As per the national health survey conducted in 2012, 74 percent of Bhutanese women accepted domestic violence as justifiable. Likewise, Bhutan Multi-Indicator Survey 2010 shows that 68 percent of women (aged 15-49), nationwide, accepted domestic violence.

In addition, 2013 report by NCWC, 20 percent of the women thought it is okay for a man to hit his wife if she does not complete household work to his satisfaction, 28 percent of the women felt a man can hit his wife if she disobeys him, and 62 percent of the women felt it is okay to hit a woman if the man finds out that she has been unfaithful to him.

The causes of DV often stem from economic dependence on husband, emotional dependence on husbands, stigma associated with divorce or separation, controlling behavior of husbands, high levels of acceptability and alcohol-induced violence.

Executive Director of RENEW, Tandin Wangmo, said that the main aims and objectives of the workshop are to have a proper and effective local mechanism in place for the survivors of domestic violence who need the services.
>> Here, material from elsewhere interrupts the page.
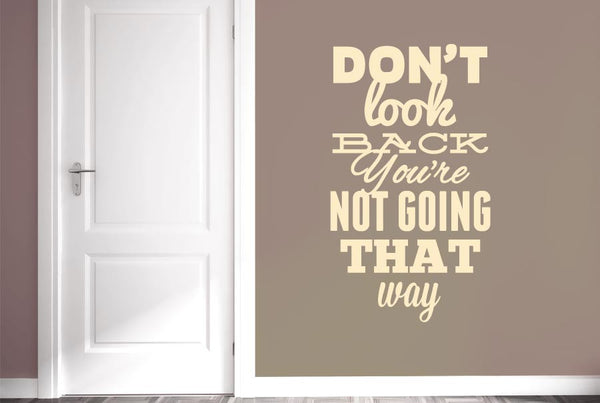 Dont Look Back Not Going That Way Wall Sticker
She also said that there are players in the local areas but they have been working in isolation so far. If they have been working together, it was only based on their personal networks and relationship.

“We want to create a formal network in place in the dzongkhags and communities whereby the survivor of the DV can get all the services that are available to them by just going to one person that they are most comfortable with, be it police or health worker or the volunteers,” she added.

It will be one network where they can avail themselves of all the services, she said. She said, “This kind of workshop will definitely help in bringing down DV related cases. We have created lot of awareness in the communities.”

Such awareness programs make people aware the existing of law enforces and service providers in place for DV survivors, the very fact that this people are there in the community is a deterring factor.

“Every year, the case on DV is getting higher and this year particularly is higher. I do not necessarily believe that DV in the country has gone higher. It has always been there but must have had happened behind the close door and it was never brought up in the public,” she added.

Now that many agencies are coming forward, people are getting aware on DV and getting less tolerance to DV cases. This could be the reason why the number is increasing, the Executive Director of RENEW said.

In addition, she also said that many people have the notion that RENEW is feminist organization. She said that RENEW is for the family and that includes the men.  In line with this, RENEW has received 149 men as victims of DV in 2018.

The male victims come mainly to find help with emotional abuse, where their wives are not giving them proper attention, threatening to walk out of the relationship, where wives are alcoholic and gamblers. “Males undergo emotional challenges while the women victims undergo a combination of physical, emotional, sexual and economic nature,” she added.

A RENEW study in 2017 shows that victims of DV don’t report the case to police due to reputation concerns and costs, investigation and social commentary might be very uncomfortable, blame the victim, risk of being abandoned by family & friends, desire to protect perpetrator and fear of never remarrying.

RENEW has been working close with the health ministry, RBP and volunteers to reduce the DV cases in the country and it has been creating awareness and providing service. “All the agencies have been supportive,” Tandin Wangmo said, “Everyone has to take a personal responsibility to ensure that their families are protected and nurtured but not beaten up and tortured.”